**** SUPPLIED MATERIAL

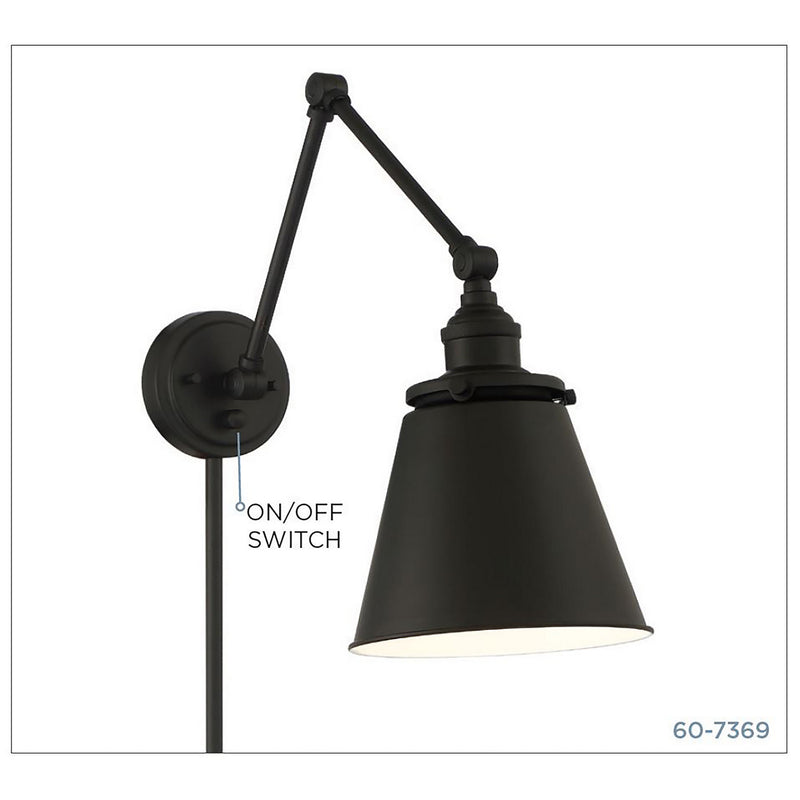 Nuvo Lighting 60-7369 One Light Swing Arm Wall Lamp, Matte Black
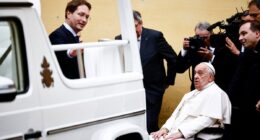 The Pope's new wheels! His Holiness is gifted a 'G-Wagon popemobile' made especially for him - and it's all-electric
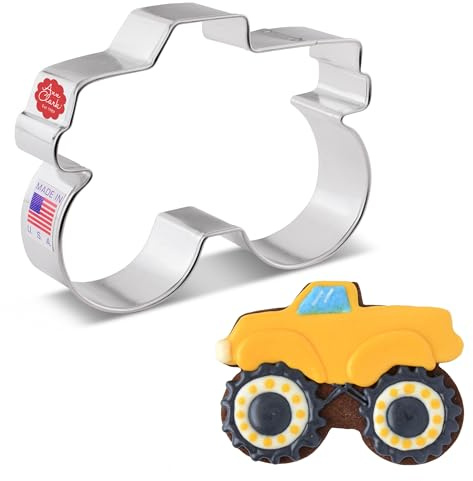 Ann Clark Monster Truck Cookie Cutter, 10.2 cm Made in USA | A Perfectly Large Size and Shape from America's Largest Cookie Cutter Maker, Food-Safe American Steel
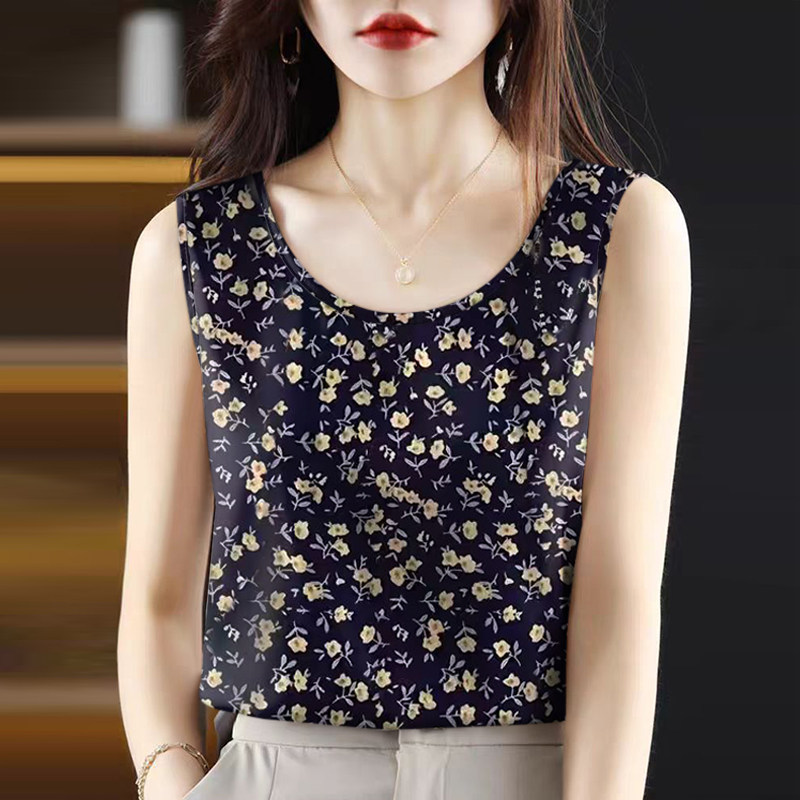 清仓无袖背心百搭显瘦夏季高档女吊带2025-20 印花宽松遮肚女上衣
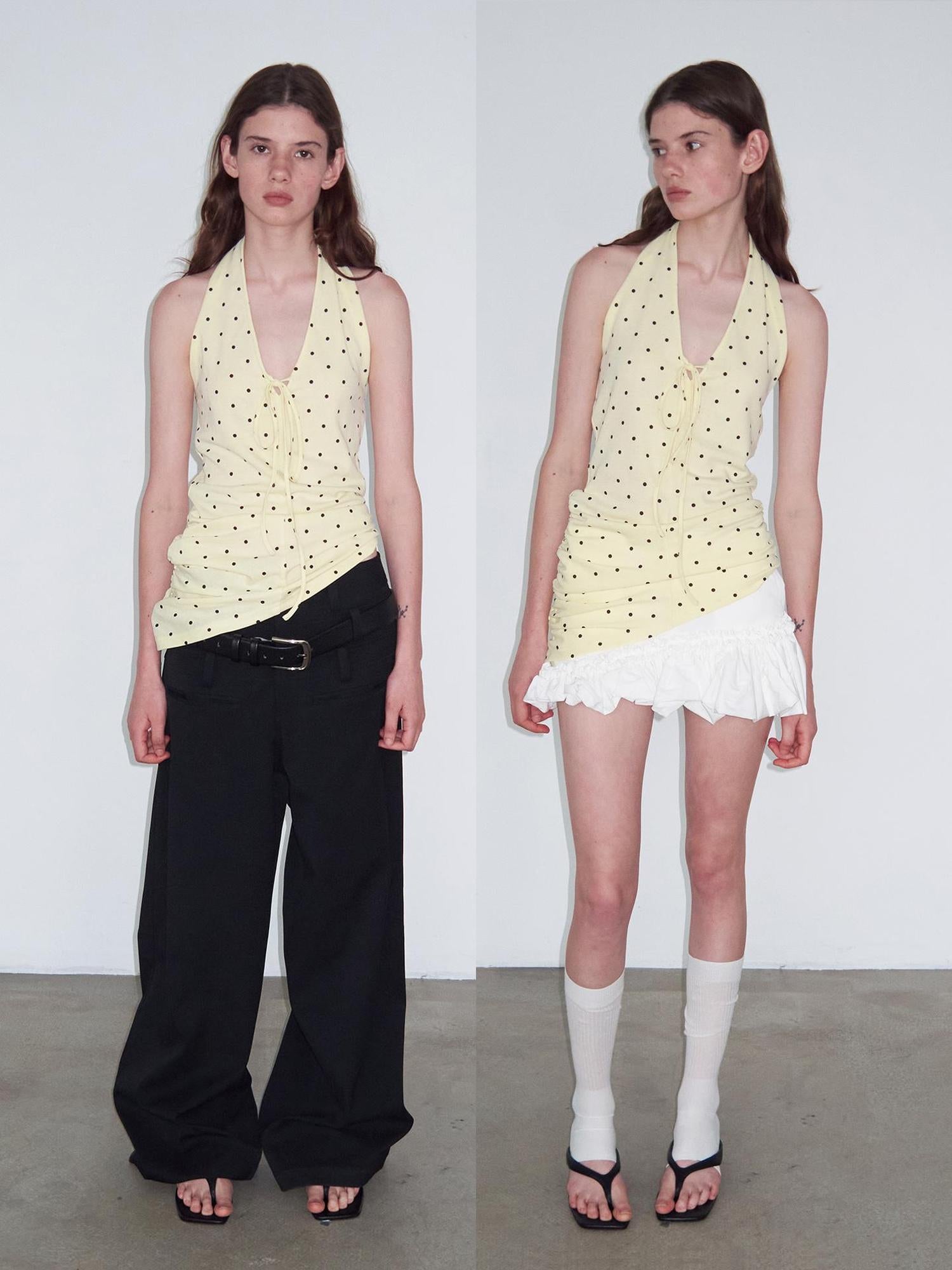 Delivery V-Neck Polka Dot Backless Knit Camisole Top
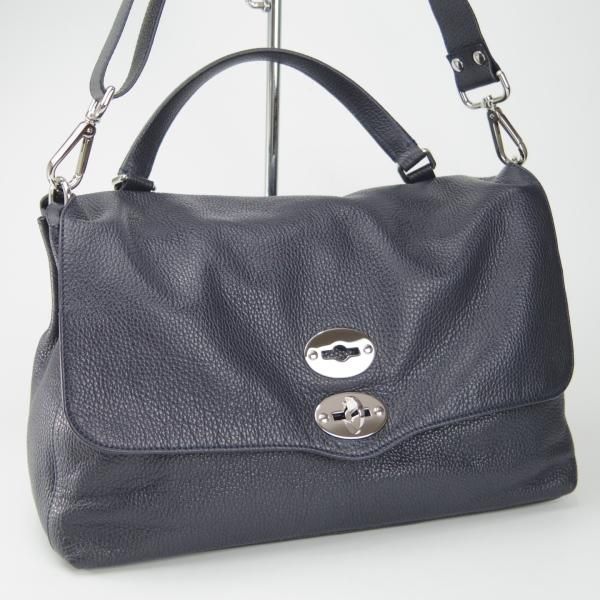 極美品★(伊)ザネラート/ZANELLATO【定価￥91,300-★貴重なポスティーナ M+サイズ/メンズ】Mプラス/マルカプント/紺/バッグ★N5733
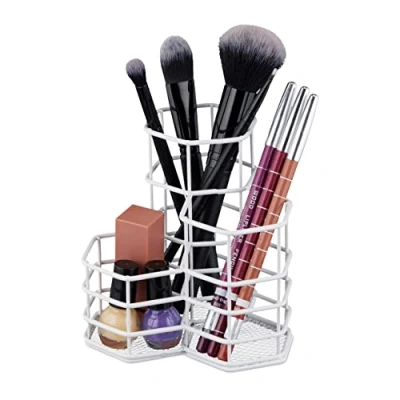 Afbeelding van Relaxdays make up kwastenhouder 3 vakken pennenbakje metaal pennenhouder cosmetica wit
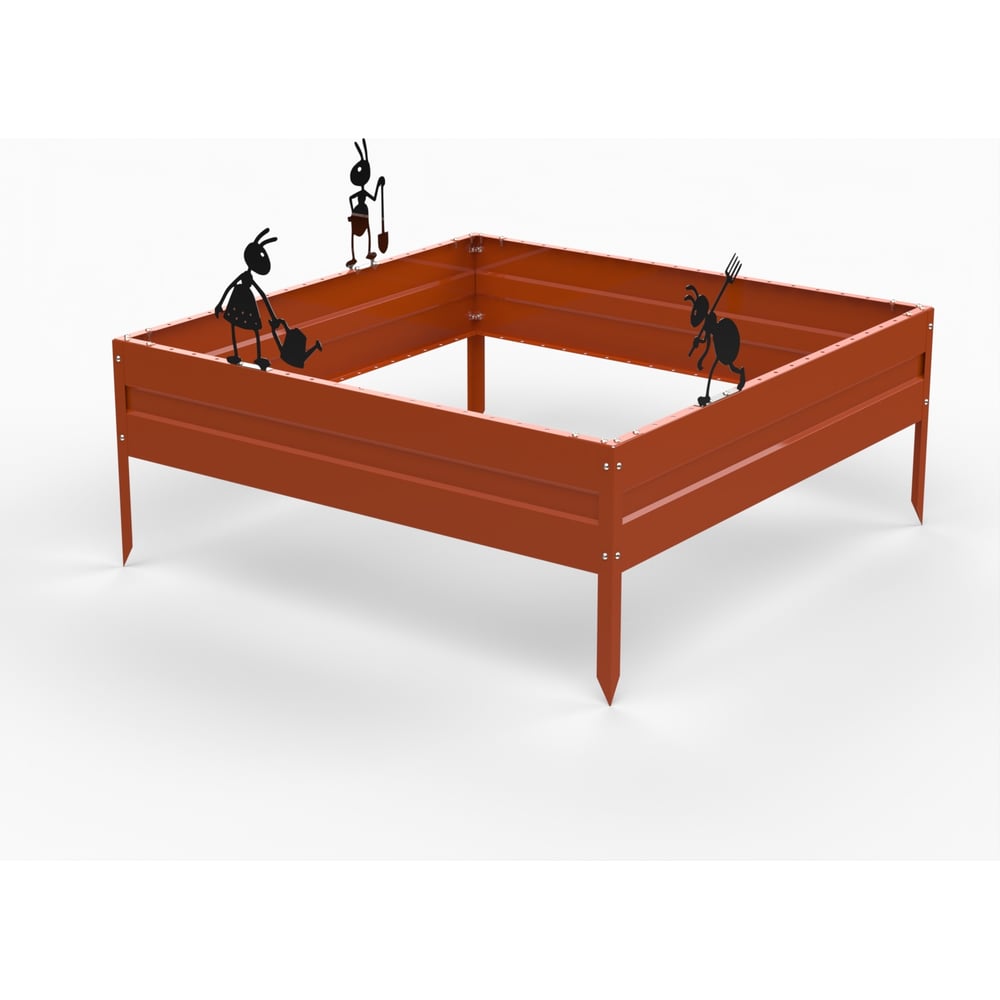 Изображение товара Грядка Metalex KitGarden 1x1 оранжевая 0. 2 м - комплект ограждений для грядки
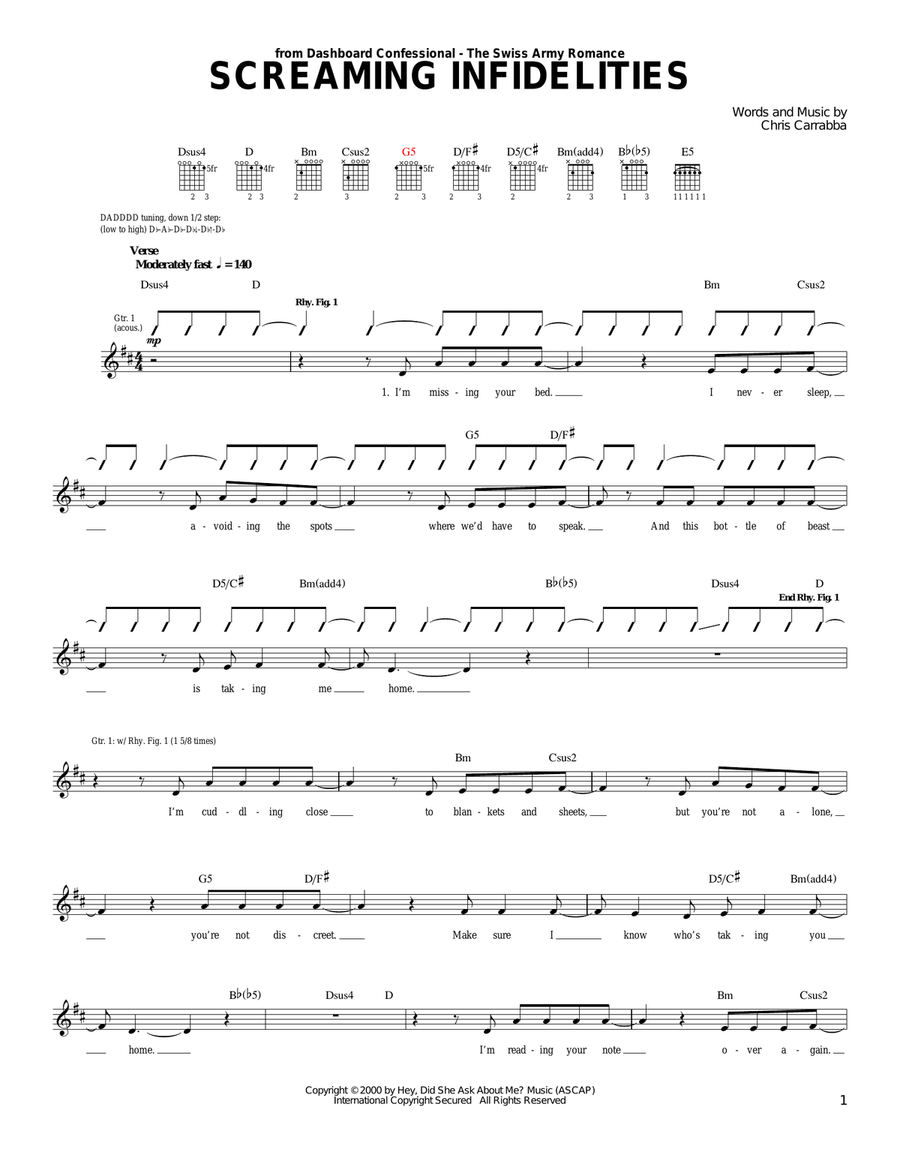 Screaming Infidelities Acoustic Guitar scores gallery preview page 1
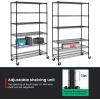 imagePayLessHere  6Tier Wire Shelf with Wheels  48quotx18quotx82quot  Chrome  Adjustable Racks  HeavyDuty Storage Shelves Holds Upto 510 lbs  RustResistant NoTool Assembly  for Home Garage ShelvingBlack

********

The copy has to start at the line that contains "Delivery V-Neck Polka" and end at the last line of the material above, matching the original exactly and holding no pictures.

- _COMPLETED EXERCISE_:
 Delivery V-Neck Polka Dot Backless Knit Camisole Top
 極美品★(伊)ザネラート/ZANELLATO【定価￥91,300-★貴重なポスティーナ M+サイズ/メンズ】Mプラス/マルカプント/紺/バッグ★N5733
 Afbeelding van Relaxdays make up kwastenhouder 3 vakken pennenbakje metaal pennenhouder cosmetica wit
 Изображение товара Грядка Metalex KitGarden 1x1 оранжевая 0. 2 м - комплект ограждений для грядки
 Screaming Infidelities Acoustic Guitar scores gallery preview page 1
 imagePayLessHere  6Tier Wire Shelf with Wheels  48quotx18quotx82quot  Chrome  Adjustable Racks  HeavyDuty Storage Shelves Holds Upto 510 lbs  RustResistant NoTool Assembly  for Home Garage ShelvingBlack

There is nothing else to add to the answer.